Many studies of medical humanitarianism focus on short-term, in-situ interventions that, like Doctors without Borders, provide emergency care during times of war or natural disaster. In this model, medical humanitarianism has a short time span defined by the urgent need for care; often features foreign technocrats and aid workers; and does not contribute to the development of locally-rooted medical institutions. My own research explores a form of medical humanitarianism less common in popular depictions of medical aid. I study long-term medical relief arrangements that supply nationally-run, private, church-affiliated hospitals and clinics in Madagascar with equipment and medical items necessary for the everyday functioning of the medical institution. This form of medical aid has no easily discernable end point, due to the entrenched global inequalities of medical commerce.

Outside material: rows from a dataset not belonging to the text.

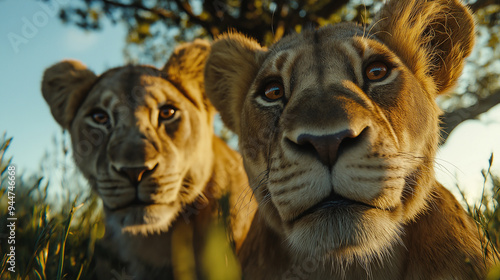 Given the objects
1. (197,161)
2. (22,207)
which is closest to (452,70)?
(197,161)

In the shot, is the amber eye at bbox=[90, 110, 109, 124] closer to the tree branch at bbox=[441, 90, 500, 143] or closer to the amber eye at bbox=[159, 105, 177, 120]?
the amber eye at bbox=[159, 105, 177, 120]

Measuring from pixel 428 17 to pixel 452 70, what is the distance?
15.6 inches

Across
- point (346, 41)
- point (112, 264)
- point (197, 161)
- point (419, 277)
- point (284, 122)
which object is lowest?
point (112, 264)

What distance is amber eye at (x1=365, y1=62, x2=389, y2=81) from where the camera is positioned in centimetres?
Result: 233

Additionally, rather than foreign aid workers providing aid on site, the aid program on which I have focused emphasizes the ethical importance of Malagasy-led initiatives and features little face-to-face contact between Americans working in medical relief operations and Malagasy aid workers. I suggest these long-term arrangements, which bring together humanitarian models with the enduring global inequalities linked to neoliberalism, require greater attention as significant and growing religiously-based forms of humanitarian action.

Selected Publications:

Halvorson, B. 2018. Conversionary Sites: Transforming Medical Aid and Global Christianity from Madagascar to Minnesota. Chicago: University of Chicago Press.

Halvorson, B. 2020. Reassessing Charitable Affect: Charitable Affect: Volunteerism, Affect and Ethical Practice in a Medical Aid Agency. Anthropological Quarterly 93(2): 151-175.

 

 

 

 

 

 

 

 

 

 

 

 

Global Christianities, Caregiving and Companionship

What does it mean to care in the contemporary world, particularly in the context of ramifying economic inequality? I am interested in the role of Christian communities in providing social services such as health care in the context of rising economic inequality as well as how those communities conceptualize and practice foreign alliances with Christians elsewhere to achieve their aims. I study how people prioritize care-giving as a religious practice of “companionship” and valued form of global Christian identity. I am especially interested in how culturally-specific practices of Christian caregiving are reworked, taken up or submerged within contemporary notions of global humanitarian aid. Such aid relationships, like the one I have studied between Christians in the U.S. and Madagascar, are becoming a new norm of “post-colonial” global Christian engagement yet draw from and rework a broader, culturally diverse field of ideals of giving, inter-dependency, and moral personhood.

Selected Publications:

Halvorson, B. 2012. Woven Worlds: Material Things, Bureaucratization, and Dilemmas of Caregiving in Lutheran Humanitarianism. American Ethnologist 39 (1): 122-137.

<Online Commentary on "Woven Worlds" by Ingie Hovland>

Halvorson, B. 2010. Translating the Fifohazana (Awakening): The Politics of Healing and the Colonial Mission Legacy in African Christian Missionization. Journal of Religion in Africa 40 (4): 413-441.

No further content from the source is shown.